"You're trying to do the best that you can do within the art form that you can do and the first thing that happened was I started working on it, and about three weeks after I started, she died."
Donovan says from a purely selfish point of view he was disappointed that he wasn't going to have the chance to work with Margaret, and he was also worried the publishers would can the book.
Fortunately, Harper Collins wanted to press on, and so Donovan went back to work.
Dashing Dog was actually first published many years ago, but Donovan says in the original version, the illustrations did not do the text justice.
"With Margaret Mahy's books, not all of them, but quite a few of them, I feel that the illustrators have let Margaret Mahy carry the weight of the book ... I've often thought the illustrations in a lot of her books are pretty cruddy."
Because of that, Donovan wound up spending around six months on his illustrations until they were the best he could make them.
"If I can do something brilliant with my art to match what she's with her art, that would be brilliant.
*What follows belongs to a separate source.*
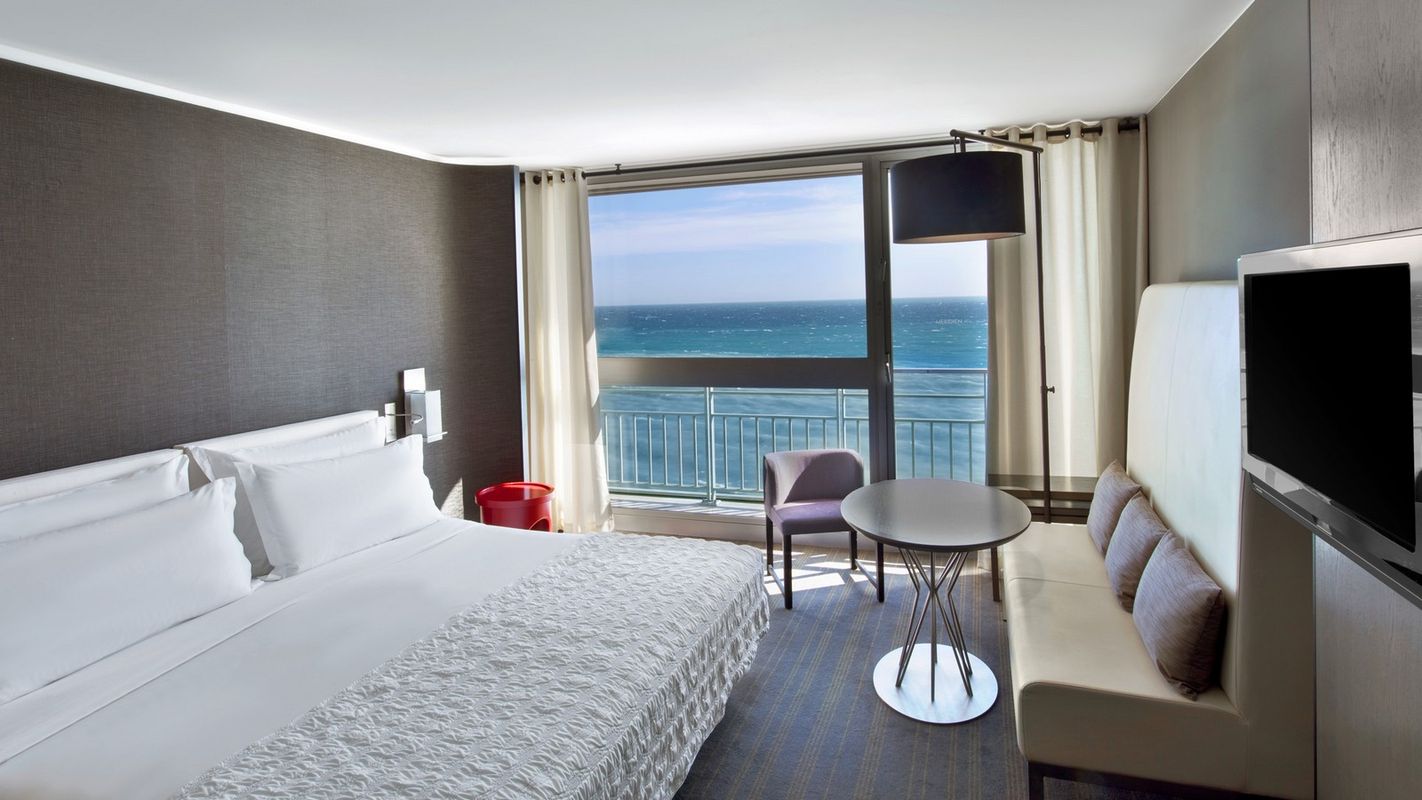 Le Meridien Nice фото 83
I really tortured myself doing the art for this book trying to match up."
He says although Margaret didn't specify what breed of canine the dashing dog is, or where the story is set, she clearly had a great understanding of the relationship between author and illustrator, which Donovan says ideally is a 50/50 relationship where the author trusts the illustrator to add their part to the project.
"She doesn't confine me or control me or tell me what to do and it's such a lovely book to work on because she did her thing and I did my thing and I'm really proud of the work that I've done."
Donovan gave the dashing dog's appearance some thought and eventually decided the text suggested a large poodle.
It was not until later that he found out that Margaret had had a poodle and had written Dashing Dog about it, a coincidence Donovan finds amazing.
The illustrations in Dashing Dog are full of detail and Donovan says he hopes children reading Dashing Dog will discover new things at each read and feel the world inhabited by the dashing dog carries on beyond the edges of the pages.
He says what he loves about Dashing Dog is that Margaret takes the character on an arc where the dog starts out as a la-de-da kind of dog and at the end of the story is our hero, and it's all done in a deceptively simple way.
"Without the right kind of pictures we wouldn't get the full impact of all that, and I think that's kind of what happened with the original version.
"Often the pictures in her books are quite sombre and solemn and the pictures need to convey that real energy and silliness and fun that she has with the words and do that with the pictures."
Dashing Dog was released earlier this month and Donovan has also recently released another book, The Weather Machine.
Among the many projects he's currently working on is a comic novel, Monkey Boy, set during the Napoleonic Wars and featuring "warships, ghosts and people being slaughtered all over the place" which he hopes to publish next year.